Na segunda-feira (19), a Petrobras (PETR3, PETR4) anunciou a terceira queda no preço do diesel, de 5,8% nas refinarias.

“O preço do diesel tem impacto em diversos segmentos, por conta do transporte prioritariamente rodoviário do Brasil”, diz Kautz.

Para setembro, Kautz espera uma nova deflação no resultado do Índice de Preços ao Consumidor Amplo (IPCA), indicador oficial de inflação do país, agora de 0,20%. Para ele, a desaceleração da inflação deve continuar, inclusive atingindo bens industriais e alimentos.

Kautz também falou sobre as expectativas para a Super Quarta, dia 21, quando os bancos centrais do Brasil e dos EUA anunciam a nova taxa de juros.

“Na EQI, a gente espera o anúncio do fim do ciclo de alta da Selic. Apesar de todas as tensões internacionais, a inflação vem caindo significativamente. O Banco Central, por preocupações com o fiscal, já coloca no horizonte de interesse o ano de 2024, mas apontando que até lá a inflação estará rodando dentro da meta”, diz.

Já para os EUA, a expectativa é de alta de 0,75 ponto porcentual nesta quarta. Kautz prevê ainda mais duas altas de 0,50 p.p. até o final do ano e um ajuste final de 0,25 p.p. no início de 2023, o que levaria os juros para 4,5%.

Cenário global e oportunidade para os investimentos no Brasil

O cenário global, de alta de juros e inflação ainda alta, especialmente nos EUA e na zona do euro, faz com que o Brasil desponte como um bom local para investimentos.

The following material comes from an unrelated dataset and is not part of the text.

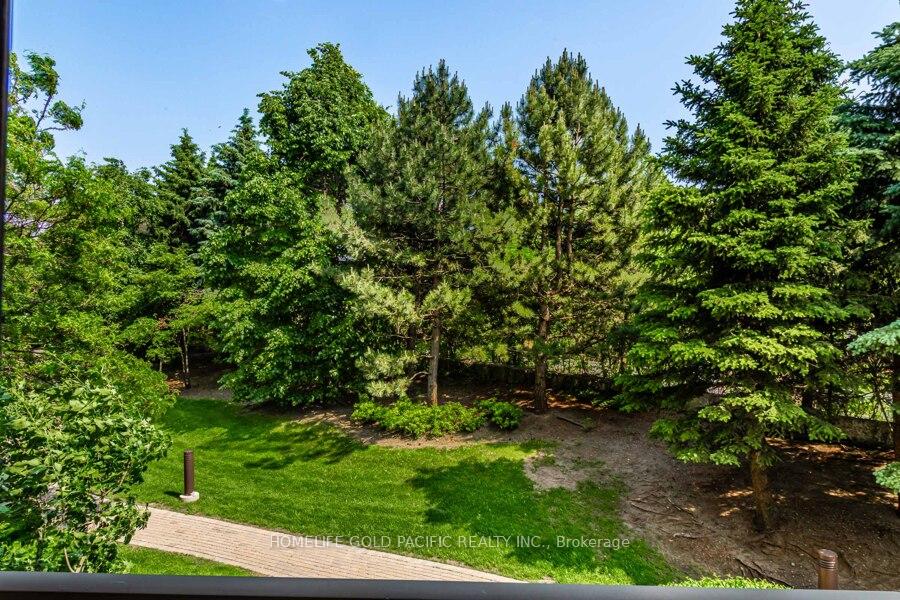 2 Bedrooms Condo at 78 Harrison Garden, Toronto For sale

“O mercado vem refletindo a tese que temos na EQI de que com o fim da alta de juros e a inflação dando sinais de desaceleração no Brasil, os ativos domésticos devem performar bem em termos relativos, comparando com o cenário internacional, onde os bancos centrais ainda sobem juros de maneira agressiva”, explica.  

A preocupação com a recessão, no entanto, segue no radar.

“A recessão não está descartada, especialmente na Europa, onde a guerra leva a uma falta de combustíveis fundamentais para girar a economia. Com o racionamento, a atividade é fortemente impactada, mas sem, no entanto, provocar a queda da inflação, porque o produto é muito demandado e está em falta”, diz.